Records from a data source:
== Segment start ==

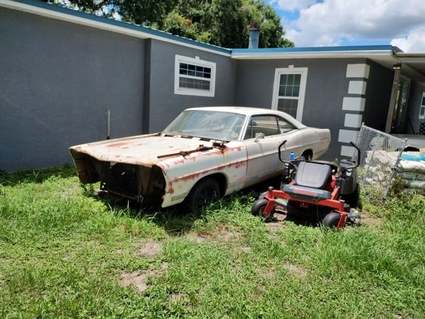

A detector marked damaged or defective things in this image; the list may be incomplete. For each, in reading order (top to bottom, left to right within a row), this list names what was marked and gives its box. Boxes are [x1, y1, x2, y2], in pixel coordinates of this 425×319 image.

rusty car body [69, 106, 330, 209]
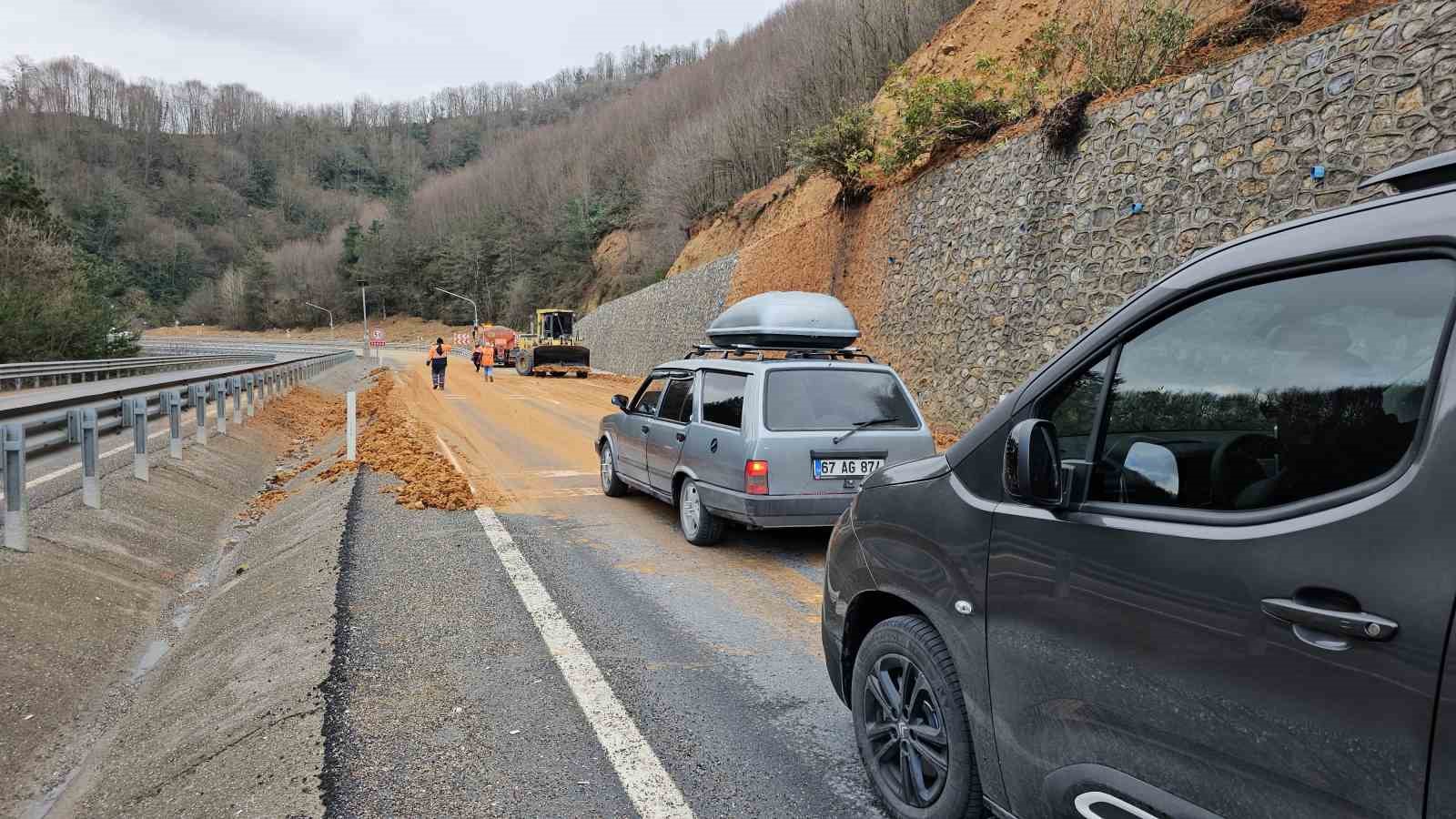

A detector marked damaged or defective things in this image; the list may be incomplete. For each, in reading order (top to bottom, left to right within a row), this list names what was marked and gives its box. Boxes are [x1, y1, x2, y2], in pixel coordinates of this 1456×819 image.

damaged road surface [324, 360, 881, 819]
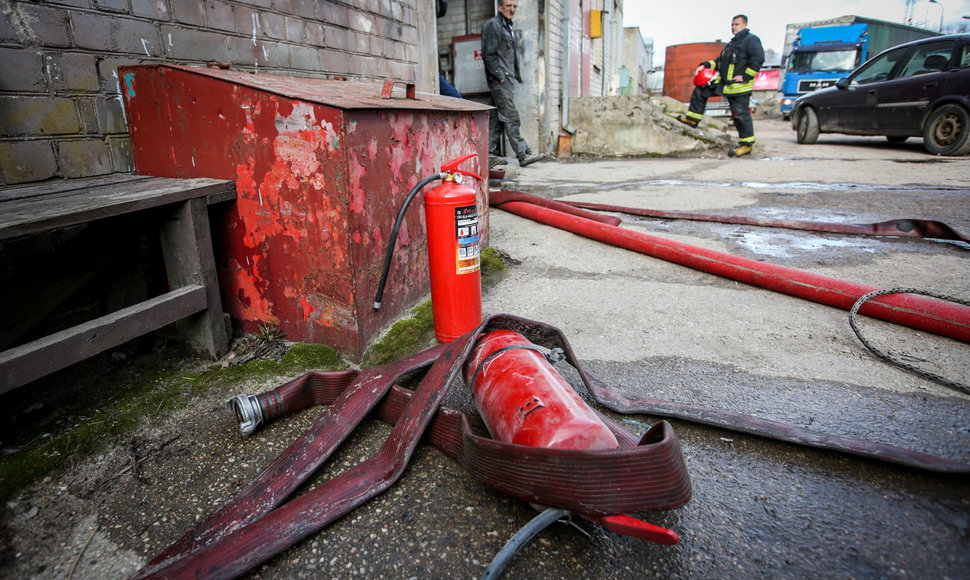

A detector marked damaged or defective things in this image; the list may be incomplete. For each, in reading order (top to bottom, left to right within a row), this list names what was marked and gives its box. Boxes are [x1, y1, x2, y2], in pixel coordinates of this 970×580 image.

rusty metal container [121, 64, 492, 358]
rusty metal container [660, 42, 724, 103]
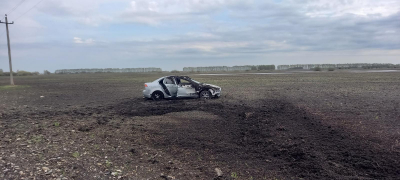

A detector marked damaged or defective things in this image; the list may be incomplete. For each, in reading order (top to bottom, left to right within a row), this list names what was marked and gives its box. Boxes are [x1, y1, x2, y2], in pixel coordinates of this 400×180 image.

damaged white car [143, 75, 222, 100]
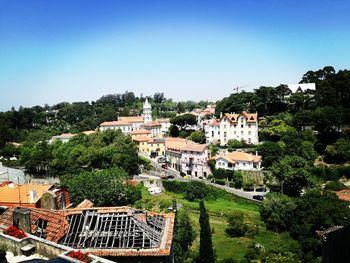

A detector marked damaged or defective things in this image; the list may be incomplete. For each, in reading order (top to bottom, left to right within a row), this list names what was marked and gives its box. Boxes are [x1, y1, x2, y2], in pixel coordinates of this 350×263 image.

rustic damaged rooftop [0, 206, 175, 258]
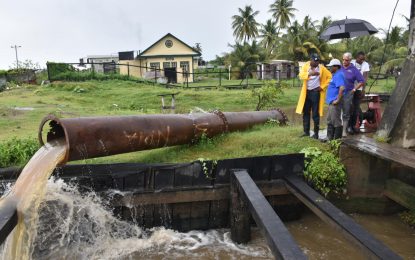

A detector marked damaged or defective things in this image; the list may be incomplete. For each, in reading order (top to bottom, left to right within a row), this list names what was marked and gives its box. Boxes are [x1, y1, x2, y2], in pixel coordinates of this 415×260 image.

large rusty pipe [39, 109, 288, 162]
rusted metal pipe [39, 109, 288, 162]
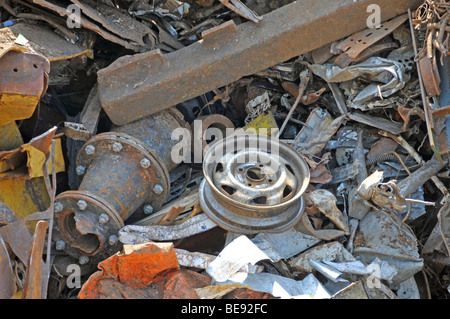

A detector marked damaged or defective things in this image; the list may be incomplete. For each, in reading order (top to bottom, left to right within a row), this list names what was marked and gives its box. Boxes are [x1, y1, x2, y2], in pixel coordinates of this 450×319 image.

crumpled sheet metal [97, 0, 422, 127]
rusty steel beam [98, 0, 422, 127]
crumpled sheet metal [310, 57, 412, 107]
corroded axle hub [53, 109, 190, 264]
crumpled sheet metal [78, 242, 212, 300]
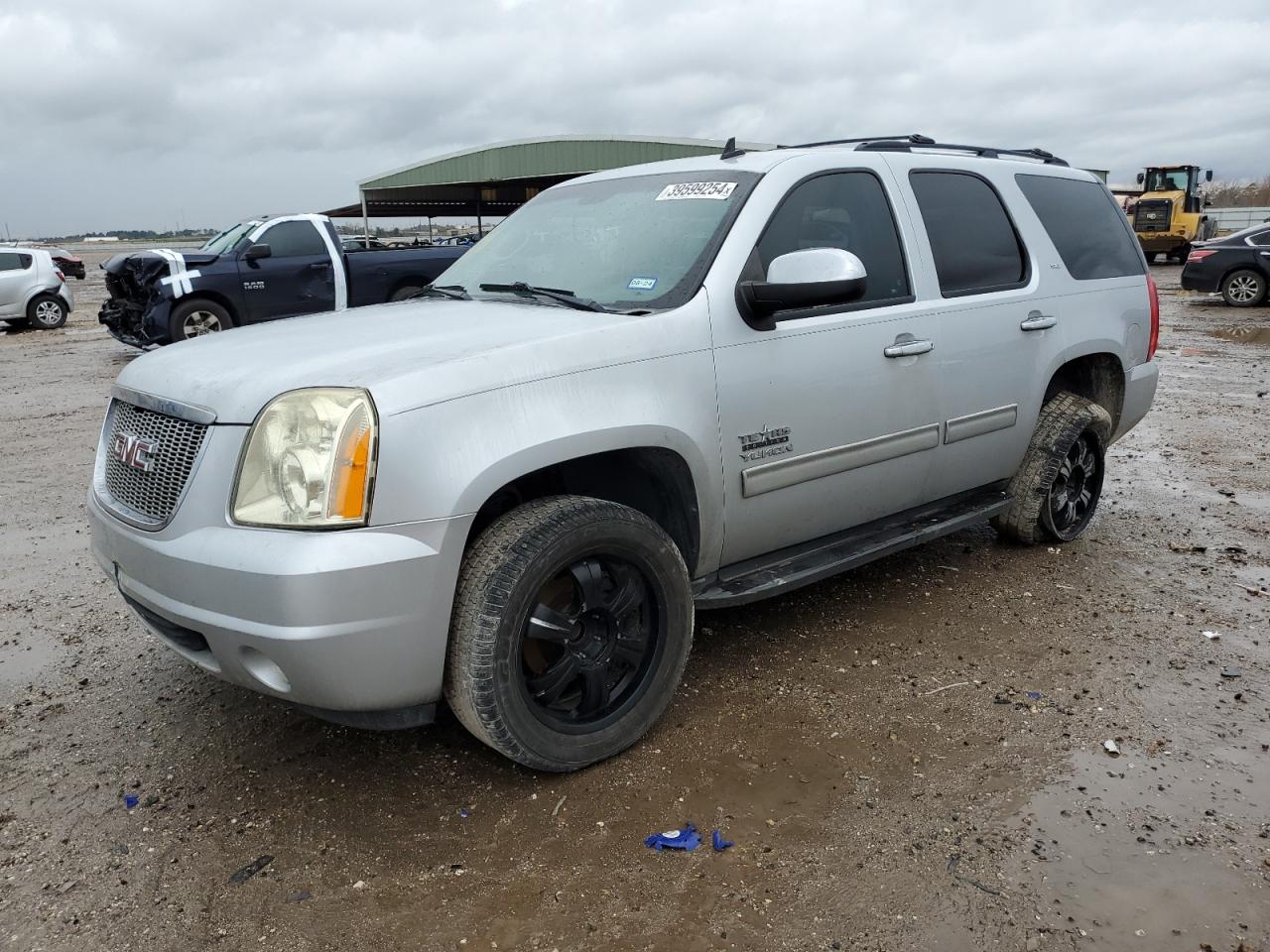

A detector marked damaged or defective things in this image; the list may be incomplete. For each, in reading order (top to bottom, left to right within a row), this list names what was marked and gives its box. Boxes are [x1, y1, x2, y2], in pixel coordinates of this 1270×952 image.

damaged front fender of pickup [96, 254, 196, 350]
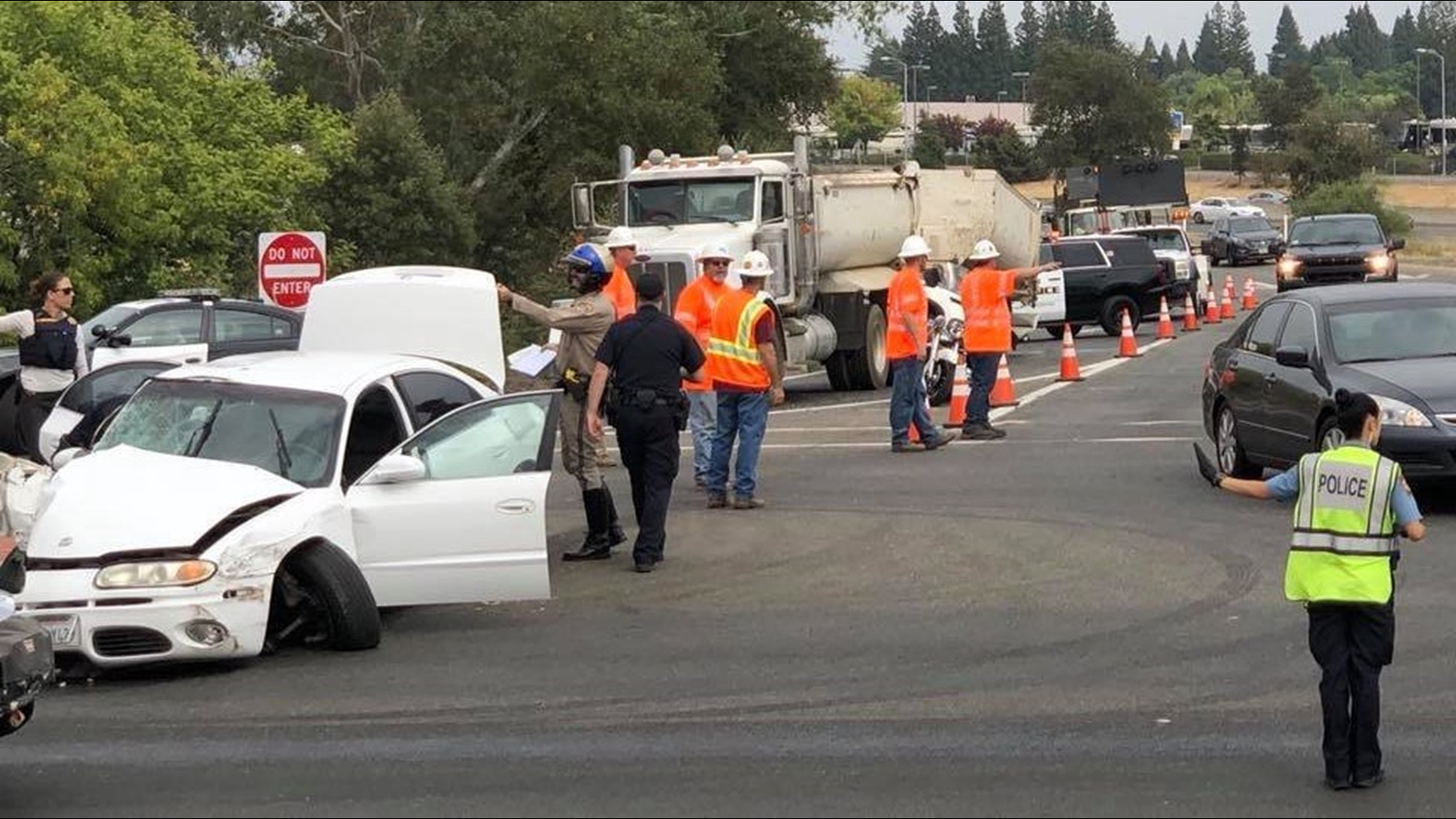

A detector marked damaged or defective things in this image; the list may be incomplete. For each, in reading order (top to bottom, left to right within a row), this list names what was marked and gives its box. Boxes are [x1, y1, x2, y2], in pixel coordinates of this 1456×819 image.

shattered windshield [96, 381, 346, 486]
damaged white car [14, 266, 559, 664]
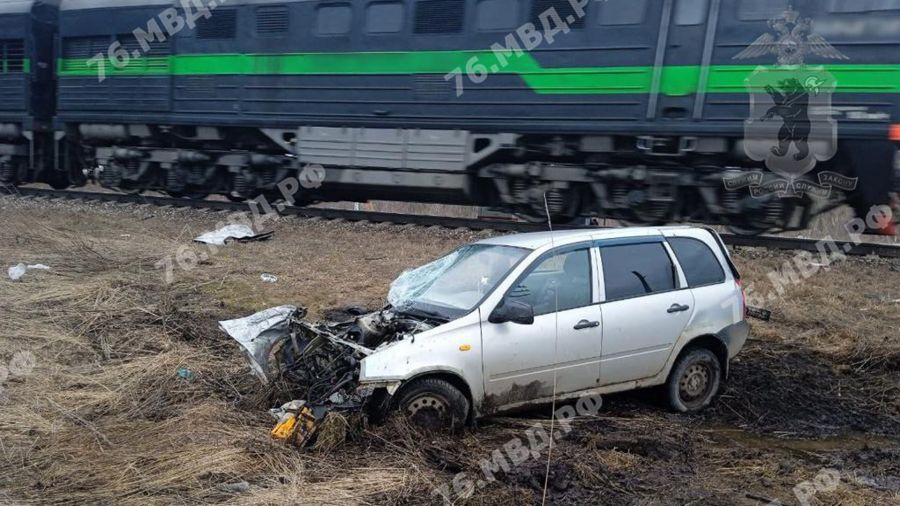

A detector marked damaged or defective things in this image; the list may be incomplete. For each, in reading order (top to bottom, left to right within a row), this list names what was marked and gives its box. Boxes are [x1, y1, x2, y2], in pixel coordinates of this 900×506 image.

== Segment end ==

→ **WHAT YOU NEED TO DO**:
Output the entries above exactly as given, but strip out the pictures.

→ **EXERCISE SOLUTION**:
A detector marked damaged or defective things in this image; the list may be incomplete. For each, in reading order (top to bottom, left to right within a row), this list names what was marked and gives its box. Boxes are [x1, y1, x2, y2], in pixel coordinates of this 425×319 image.

rusty car body [69, 106, 330, 209]

A detector marked damaged or defective things in this image; the list may be incomplete. For each, in reading order (top to bottom, left to right within a row), this list names what was marked and gives its box. Boxes are [x1, y1, x2, y2], in pixel coordinates of this 1456×819 image.

damaged road surface [324, 360, 881, 819]

A detector marked damaged or defective things in this image; the list may be incomplete. For each, in reading order (top to bottom, left to right within a row), this list names what was marked and gives its box. Boxes are [x1, y1, x2, y2], in pixel coordinates of this 970×580 image.

rusty metal container [121, 64, 492, 358]
rusty metal container [660, 42, 724, 103]

A detector marked damaged or defective things in this image; the list may be incomplete. For each, in reading order (top to bottom, left to right within a row), this list names what was marked and gives its box. Boxes are [x1, y1, x2, y2], in pixel coordinates of this 400×180 image.

damaged white car [143, 75, 222, 100]

A detector marked damaged or defective things in this image; the list may be incomplete. For each, in reading order (top to bottom, left to right within a row), this list names what was marked and gives its box. Boxes are [x1, y1, x2, y2], in pixel coordinates of this 350×263 image.

rustic damaged rooftop [0, 206, 175, 258]

A detector marked damaged or defective things in this image; the list may be incomplete. For each, in reading order (top to bottom, left to right within a row), this list names what was marked and gives its box. Boxes are [x1, y1, x2, y2], in pixel coordinates of this 415×260 image.

large rusty pipe [39, 109, 288, 162]
rusted metal pipe [39, 109, 288, 162]

A detector marked damaged or defective things in this image; the list may be incomplete. For each, in reading order (top to bottom, left to right within a row), this list names what was marked and gives its box. Boxes are [x1, y1, x2, y2], in pixel coordinates of this 450×319 image.

crumpled sheet metal [97, 0, 422, 127]
rusty steel beam [98, 0, 422, 127]
crumpled sheet metal [310, 57, 412, 107]
corroded axle hub [53, 109, 190, 264]
crumpled sheet metal [78, 242, 212, 300]

A detector marked damaged or defective things in this image; the list may be incomplete. For each, in reading order (top to bottom, left to right within a row), this list names what was marked and gives its box. Boxes are [x1, y1, x2, y2], in pixel coordinates of this 1270×952 image.

damaged front fender of pickup [96, 254, 196, 350]

A detector marked damaged or defective things in this image; the list may be incomplete. For each, in reading order (top to bottom, left to right within a row), this list names what was marked and gives its box. Boxes are [x1, y1, x2, y2], in pixel coordinates of this 1456×819 image.

shattered windshield [96, 381, 346, 486]
damaged white car [14, 266, 559, 664]

A detector marked damaged or defective things in this image; the list may be incomplete. For each, in reading order (top to bottom, left to right within a row), this list names what was marked and gives its box. Boxes are [x1, y1, x2, y2], in pixel coordinates of this 900×506 image.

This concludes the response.